▶ WORK TASK
Of the records that follow, copy only the lines from the line containing "gents diamond nugget ring 33 3D Baskı Modeli" to the line containing "May include: A", both included, exactly as written.

▶ PROVIDED DATA
╭──

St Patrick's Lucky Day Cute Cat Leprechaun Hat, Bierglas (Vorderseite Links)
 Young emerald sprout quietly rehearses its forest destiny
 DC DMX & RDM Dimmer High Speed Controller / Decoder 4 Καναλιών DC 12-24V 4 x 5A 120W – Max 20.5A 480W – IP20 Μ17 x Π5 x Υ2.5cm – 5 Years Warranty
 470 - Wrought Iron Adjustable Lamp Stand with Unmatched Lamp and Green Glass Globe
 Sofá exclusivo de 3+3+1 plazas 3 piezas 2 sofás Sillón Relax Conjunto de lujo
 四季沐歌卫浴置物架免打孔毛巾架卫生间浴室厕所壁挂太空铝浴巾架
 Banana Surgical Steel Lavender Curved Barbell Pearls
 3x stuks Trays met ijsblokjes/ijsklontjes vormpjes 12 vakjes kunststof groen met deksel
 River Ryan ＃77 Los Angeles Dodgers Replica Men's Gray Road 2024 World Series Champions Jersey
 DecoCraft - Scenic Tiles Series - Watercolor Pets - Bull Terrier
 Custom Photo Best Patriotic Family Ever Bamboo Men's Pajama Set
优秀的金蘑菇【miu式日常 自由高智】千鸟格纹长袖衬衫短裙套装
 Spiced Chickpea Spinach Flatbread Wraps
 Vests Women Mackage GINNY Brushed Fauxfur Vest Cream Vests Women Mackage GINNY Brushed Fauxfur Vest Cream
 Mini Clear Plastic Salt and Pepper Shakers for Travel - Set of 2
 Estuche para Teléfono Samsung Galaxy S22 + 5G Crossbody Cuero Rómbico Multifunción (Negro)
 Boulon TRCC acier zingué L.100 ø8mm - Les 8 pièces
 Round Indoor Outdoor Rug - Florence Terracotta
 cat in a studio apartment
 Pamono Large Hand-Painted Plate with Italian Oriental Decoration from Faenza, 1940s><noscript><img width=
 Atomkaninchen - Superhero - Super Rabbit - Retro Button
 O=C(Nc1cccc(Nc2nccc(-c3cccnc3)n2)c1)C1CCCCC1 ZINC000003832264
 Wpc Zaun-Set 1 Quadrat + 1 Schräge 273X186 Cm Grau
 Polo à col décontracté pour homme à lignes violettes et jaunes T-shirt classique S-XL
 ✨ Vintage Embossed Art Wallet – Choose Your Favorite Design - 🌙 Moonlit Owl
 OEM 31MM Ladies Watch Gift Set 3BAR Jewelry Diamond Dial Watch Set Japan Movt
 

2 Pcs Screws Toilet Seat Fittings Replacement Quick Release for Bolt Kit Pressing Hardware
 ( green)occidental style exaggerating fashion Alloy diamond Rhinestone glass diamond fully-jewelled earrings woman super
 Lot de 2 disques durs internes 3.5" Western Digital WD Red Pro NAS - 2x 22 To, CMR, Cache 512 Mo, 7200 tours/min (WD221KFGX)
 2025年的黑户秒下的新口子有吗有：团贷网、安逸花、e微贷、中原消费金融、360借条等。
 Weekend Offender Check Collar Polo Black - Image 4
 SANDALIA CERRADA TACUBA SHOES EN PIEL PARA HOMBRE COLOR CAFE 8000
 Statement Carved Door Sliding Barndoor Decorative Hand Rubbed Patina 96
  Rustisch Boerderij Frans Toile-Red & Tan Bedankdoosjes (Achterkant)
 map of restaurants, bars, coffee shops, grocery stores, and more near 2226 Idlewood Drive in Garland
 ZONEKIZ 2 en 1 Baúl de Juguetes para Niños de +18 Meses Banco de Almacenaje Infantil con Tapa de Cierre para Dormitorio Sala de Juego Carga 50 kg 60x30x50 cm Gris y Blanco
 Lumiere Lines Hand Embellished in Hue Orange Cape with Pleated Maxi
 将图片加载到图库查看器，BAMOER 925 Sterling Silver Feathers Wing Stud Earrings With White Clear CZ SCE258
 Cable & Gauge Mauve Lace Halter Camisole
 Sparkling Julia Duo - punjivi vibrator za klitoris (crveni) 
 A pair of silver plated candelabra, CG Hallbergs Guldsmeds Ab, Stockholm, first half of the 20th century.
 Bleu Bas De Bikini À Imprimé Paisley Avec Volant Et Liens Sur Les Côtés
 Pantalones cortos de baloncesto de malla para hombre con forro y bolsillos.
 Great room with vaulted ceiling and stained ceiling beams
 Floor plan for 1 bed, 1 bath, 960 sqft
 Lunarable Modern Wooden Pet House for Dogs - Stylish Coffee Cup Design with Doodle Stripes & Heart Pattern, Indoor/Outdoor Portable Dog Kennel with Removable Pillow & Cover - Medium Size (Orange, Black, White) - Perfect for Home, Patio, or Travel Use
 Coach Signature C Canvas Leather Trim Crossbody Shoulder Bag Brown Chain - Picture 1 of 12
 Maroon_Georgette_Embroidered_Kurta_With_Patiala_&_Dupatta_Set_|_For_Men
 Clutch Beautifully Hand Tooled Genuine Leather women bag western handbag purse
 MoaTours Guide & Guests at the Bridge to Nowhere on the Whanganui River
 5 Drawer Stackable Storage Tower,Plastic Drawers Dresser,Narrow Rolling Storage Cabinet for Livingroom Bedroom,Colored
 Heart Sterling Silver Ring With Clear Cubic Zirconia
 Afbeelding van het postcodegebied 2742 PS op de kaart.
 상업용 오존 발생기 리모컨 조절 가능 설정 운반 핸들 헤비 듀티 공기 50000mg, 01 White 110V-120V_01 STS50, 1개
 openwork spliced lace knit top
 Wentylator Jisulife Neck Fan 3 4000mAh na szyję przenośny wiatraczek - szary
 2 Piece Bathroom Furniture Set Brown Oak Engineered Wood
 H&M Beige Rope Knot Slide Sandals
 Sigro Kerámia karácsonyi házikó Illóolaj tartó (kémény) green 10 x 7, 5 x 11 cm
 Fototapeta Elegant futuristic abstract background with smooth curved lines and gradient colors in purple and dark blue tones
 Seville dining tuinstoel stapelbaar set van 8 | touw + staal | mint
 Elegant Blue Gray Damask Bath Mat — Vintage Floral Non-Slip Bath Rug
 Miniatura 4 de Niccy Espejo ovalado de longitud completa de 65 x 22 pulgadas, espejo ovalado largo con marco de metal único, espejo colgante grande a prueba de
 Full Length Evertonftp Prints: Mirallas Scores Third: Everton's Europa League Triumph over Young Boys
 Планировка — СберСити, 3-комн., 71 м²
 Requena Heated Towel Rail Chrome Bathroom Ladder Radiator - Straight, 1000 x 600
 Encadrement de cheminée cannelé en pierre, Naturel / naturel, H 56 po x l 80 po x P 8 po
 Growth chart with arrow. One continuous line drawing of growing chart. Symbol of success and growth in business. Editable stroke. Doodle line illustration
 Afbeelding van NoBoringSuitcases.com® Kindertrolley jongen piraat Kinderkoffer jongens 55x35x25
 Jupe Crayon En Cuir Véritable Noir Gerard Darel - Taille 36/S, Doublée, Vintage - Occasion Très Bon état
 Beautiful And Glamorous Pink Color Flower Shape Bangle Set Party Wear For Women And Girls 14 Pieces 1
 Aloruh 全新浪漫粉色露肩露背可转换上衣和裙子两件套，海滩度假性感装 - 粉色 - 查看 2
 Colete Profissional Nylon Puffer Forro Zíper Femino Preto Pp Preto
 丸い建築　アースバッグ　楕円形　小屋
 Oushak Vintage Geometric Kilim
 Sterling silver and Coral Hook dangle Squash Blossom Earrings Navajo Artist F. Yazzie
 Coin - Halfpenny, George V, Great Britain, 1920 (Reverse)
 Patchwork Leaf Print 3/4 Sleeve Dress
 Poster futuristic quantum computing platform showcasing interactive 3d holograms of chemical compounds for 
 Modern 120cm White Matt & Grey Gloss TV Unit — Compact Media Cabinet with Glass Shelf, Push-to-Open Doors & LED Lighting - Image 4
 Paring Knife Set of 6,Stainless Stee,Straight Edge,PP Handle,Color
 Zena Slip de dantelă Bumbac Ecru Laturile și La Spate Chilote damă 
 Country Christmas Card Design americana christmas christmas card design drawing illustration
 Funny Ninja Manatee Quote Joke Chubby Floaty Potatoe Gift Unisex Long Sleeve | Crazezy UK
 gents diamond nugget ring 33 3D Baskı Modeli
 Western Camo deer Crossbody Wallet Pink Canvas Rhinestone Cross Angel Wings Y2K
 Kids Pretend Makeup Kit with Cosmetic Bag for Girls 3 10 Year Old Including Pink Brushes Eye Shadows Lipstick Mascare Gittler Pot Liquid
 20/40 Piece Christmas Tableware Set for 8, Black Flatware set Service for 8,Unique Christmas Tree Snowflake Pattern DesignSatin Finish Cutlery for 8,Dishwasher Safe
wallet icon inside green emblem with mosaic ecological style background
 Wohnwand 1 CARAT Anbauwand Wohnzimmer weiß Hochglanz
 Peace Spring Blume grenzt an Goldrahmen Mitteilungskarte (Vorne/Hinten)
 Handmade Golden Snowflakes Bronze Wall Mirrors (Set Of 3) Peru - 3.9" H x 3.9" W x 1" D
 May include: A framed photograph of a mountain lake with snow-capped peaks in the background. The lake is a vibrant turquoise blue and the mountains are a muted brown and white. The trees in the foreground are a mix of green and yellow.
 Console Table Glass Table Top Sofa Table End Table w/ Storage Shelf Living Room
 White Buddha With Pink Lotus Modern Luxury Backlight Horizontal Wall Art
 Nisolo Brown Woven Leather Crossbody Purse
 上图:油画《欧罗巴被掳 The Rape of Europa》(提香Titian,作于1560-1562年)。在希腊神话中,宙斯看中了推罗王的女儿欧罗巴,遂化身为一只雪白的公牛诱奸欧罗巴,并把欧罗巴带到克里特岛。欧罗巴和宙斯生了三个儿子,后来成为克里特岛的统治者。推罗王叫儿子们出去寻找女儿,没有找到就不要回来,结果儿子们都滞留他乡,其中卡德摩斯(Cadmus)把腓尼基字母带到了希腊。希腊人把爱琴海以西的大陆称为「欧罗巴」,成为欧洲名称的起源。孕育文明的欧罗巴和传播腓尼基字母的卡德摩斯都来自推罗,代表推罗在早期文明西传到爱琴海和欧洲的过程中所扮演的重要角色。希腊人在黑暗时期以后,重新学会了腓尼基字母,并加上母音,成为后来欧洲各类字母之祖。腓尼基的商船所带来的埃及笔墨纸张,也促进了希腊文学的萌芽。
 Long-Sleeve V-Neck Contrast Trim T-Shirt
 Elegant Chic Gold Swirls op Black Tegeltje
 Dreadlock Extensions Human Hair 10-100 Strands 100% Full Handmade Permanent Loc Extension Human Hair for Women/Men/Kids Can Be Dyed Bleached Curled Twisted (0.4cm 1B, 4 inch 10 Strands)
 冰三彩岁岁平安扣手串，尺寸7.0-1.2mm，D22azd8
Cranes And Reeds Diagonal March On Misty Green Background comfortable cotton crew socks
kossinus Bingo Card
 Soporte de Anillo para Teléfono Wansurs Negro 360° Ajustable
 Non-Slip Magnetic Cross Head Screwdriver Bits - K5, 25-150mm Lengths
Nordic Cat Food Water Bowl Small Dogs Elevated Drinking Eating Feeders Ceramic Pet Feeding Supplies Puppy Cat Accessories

╰──

▶ EXERCISE OUTPUT
 gents diamond nugget ring 33 3D Baskı Modeli
 Western Camo deer Crossbody Wallet Pink Canvas Rhinestone Cross Angel Wings Y2K
 Kids Pretend Makeup Kit with Cosmetic Bag for Girls 3 10 Year Old Including Pink Brushes Eye Shadows Lipstick Mascare Gittler Pot Liquid
 20/40 Piece Christmas Tableware Set for 8, Black Flatware set Service for 8,Unique Christmas Tree Snowflake Pattern DesignSatin Finish Cutlery for 8,Dishwasher Safe
wallet icon inside green emblem with mosaic ecological style background
 Wohnwand 1 CARAT Anbauwand Wohnzimmer weiß Hochglanz
 Peace Spring Blume grenzt an Goldrahmen Mitteilungskarte (Vorne/Hinten)
 Handmade Golden Snowflakes Bronze Wall Mirrors (Set Of 3) Peru - 3.9" H x 3.9" W x 1" D
 May include: A framed photograph of a mountain lake with snow-capped peaks in the background. The lake is a vibrant turquoise blue and the mountains are a muted brown and white. The trees in the foreground are a mix of green and yellow.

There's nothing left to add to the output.